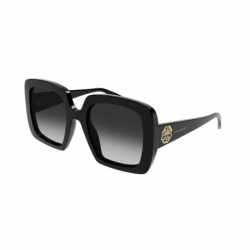 Alexander Mcqueen Am0378s 001 A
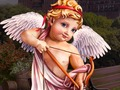 Spiel Pfeile der Liebe  Online
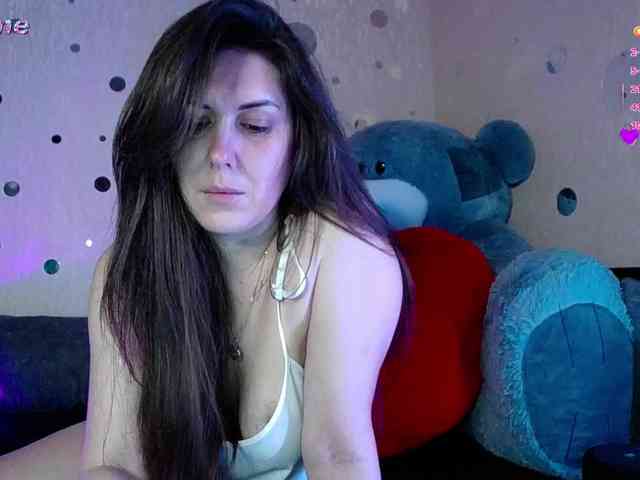 angel-vita angel-vita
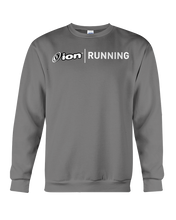 ION Running Sweatshirt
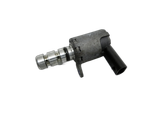 BMW G21 320dx 3er 19-22 2,0d 140KW Magnetventil Nockenwellenverstellung Vanos BMW G21 320dx 3er 19-22 17.09.2020... Vorschau 1
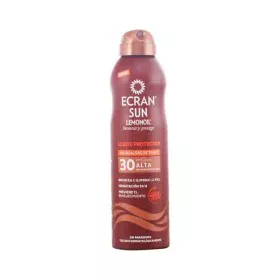 Aceite Protector Ecran SPF 30 (250 ml) de Ecran, Filtros solares - Ref: S2416523, Precio: 15,05 €, Descuento: %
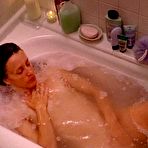 Third pic of Felicity Huffman sex pictures @ Ultra-Celebs.com free celebrity naked ../images and photos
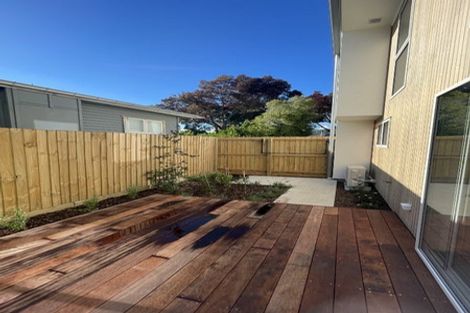 Photo of property in 2/89 Rose Street, Somerfield, Christchurch, 8024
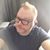 Kelser Colino's profile image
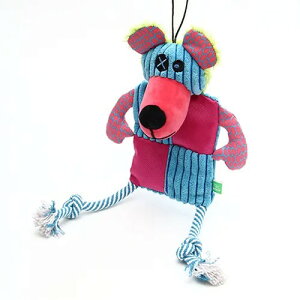 yROOPz[vtfB |bv p  ʂ Aj} 傫߃TCY ^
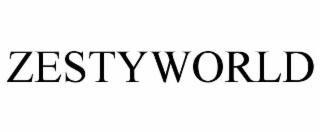 zestyworld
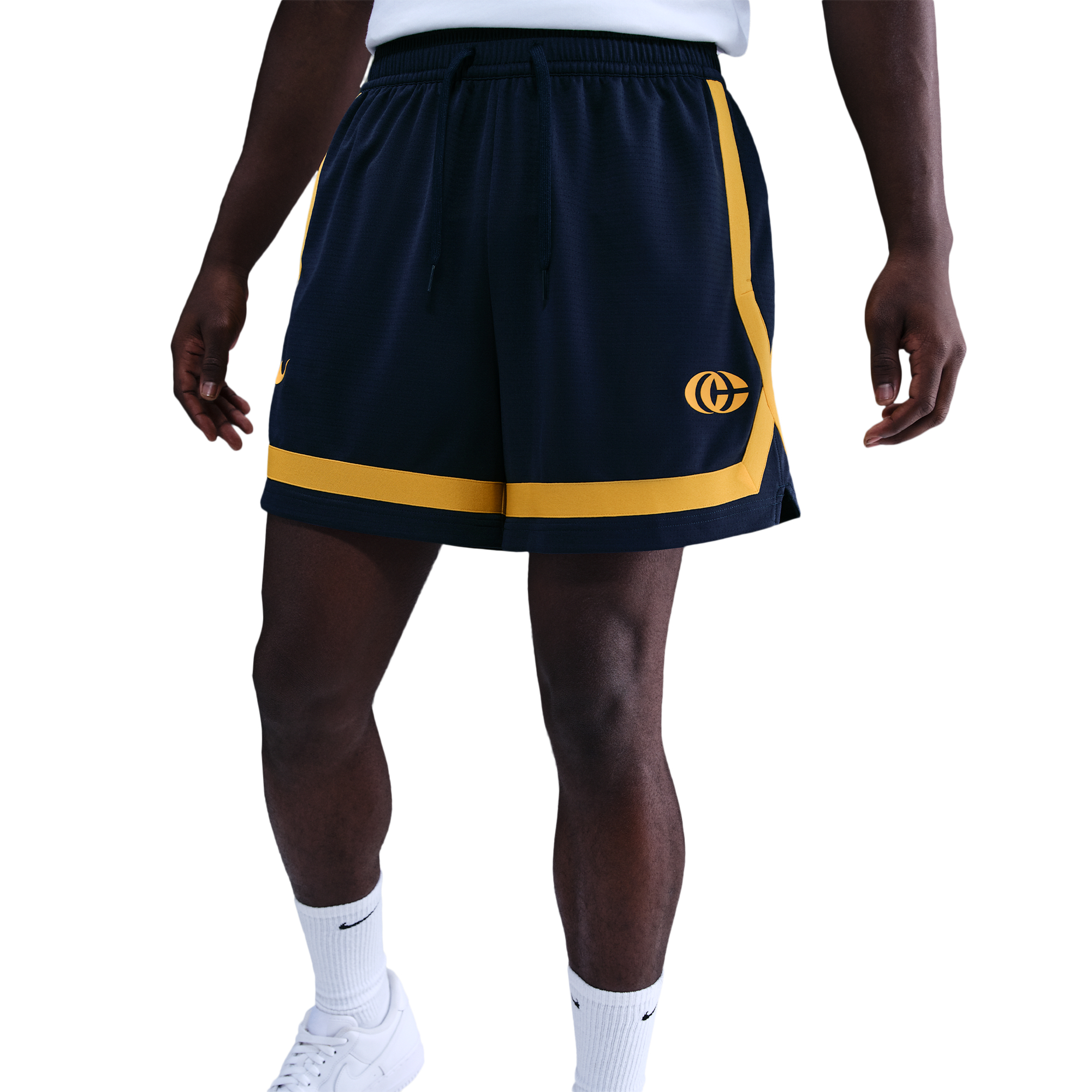 Nike CC Dri-FIT Crossover 5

**WHAT THE TASK ASKS**.
The output consists of exactly the lines from the one containing "Aceite Protector Ecran" through the last line of the listing, both included, with no pictures.

**TASK RESPONSE**.
 Aceite Protector Ecran SPF 30 (250 ml) de Ecran, Filtros solares - Ref: S2416523, Precio: 15,05 €, Descuento: %
 Third pic of Felicity Huffman sex pictures @ Ultra-Celebs.com free celebrity naked ../images and photos
 Photo of property in 2/89 Rose Street, Somerfield, Christchurch, 8024
 Kelser Colino's profile image
 yROOPz[vtfB |bv p  ʂ Aj} 傫߃TCY ^
 zestyworld
 Nike CC Dri-FIT Crossover 5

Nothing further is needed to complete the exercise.